RS-232/422/485 are better than surprise USB-C port that require outdated specific Rust compilers and random 32bit ARM binary and an archive.org copy of random repository along cryptic code comments in it to make it work. Obsoleting RS-* ports could very well trigger that event.
What is this a reference to? I'm guessing an rlib was required without them considering ABI stablility, but I can't figure out the rest.
My favourite is connecting to some piece of embedded hardware’s USB service port and finding it’s a bog standard FTDI chipset… complete with the vendor’s drivers being a repackaged version of ftdibus.sys
And for even more fun, multiple vendors with multiple, incompatible versions of the FTDI drivers required.
The problem though is that while serial is indeed much more commonplace than you might think (look at any device in your household, chances are high that it contains at least one internal serial port that was used for development), it’s all 3.3V or less with no negative voltages now.
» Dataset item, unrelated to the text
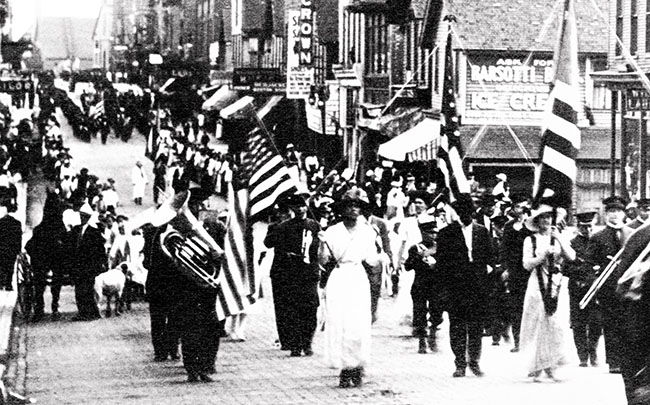 Big Annie Clemenc leads a strike parade in Calumet. Image courtesy of Michigan Tech Archives and Copper Country Historical Collections, Michigan Technological University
We don’t really use the RS-232 physical interface much anymore, it’s very unwieldy. (We also seldomly connect anything but the tx and rx lines, which is a bit of a shame for flow control, but often sufficient for what the ports are actually used for.)
So if you interface with those “modern” incarnations of serial ports today, your built in RS-232 COM port is useless most of the time anyway, and you already resort to a small, cheap USB serial adapter board that does the same thing at nowadays non-insane signal levels.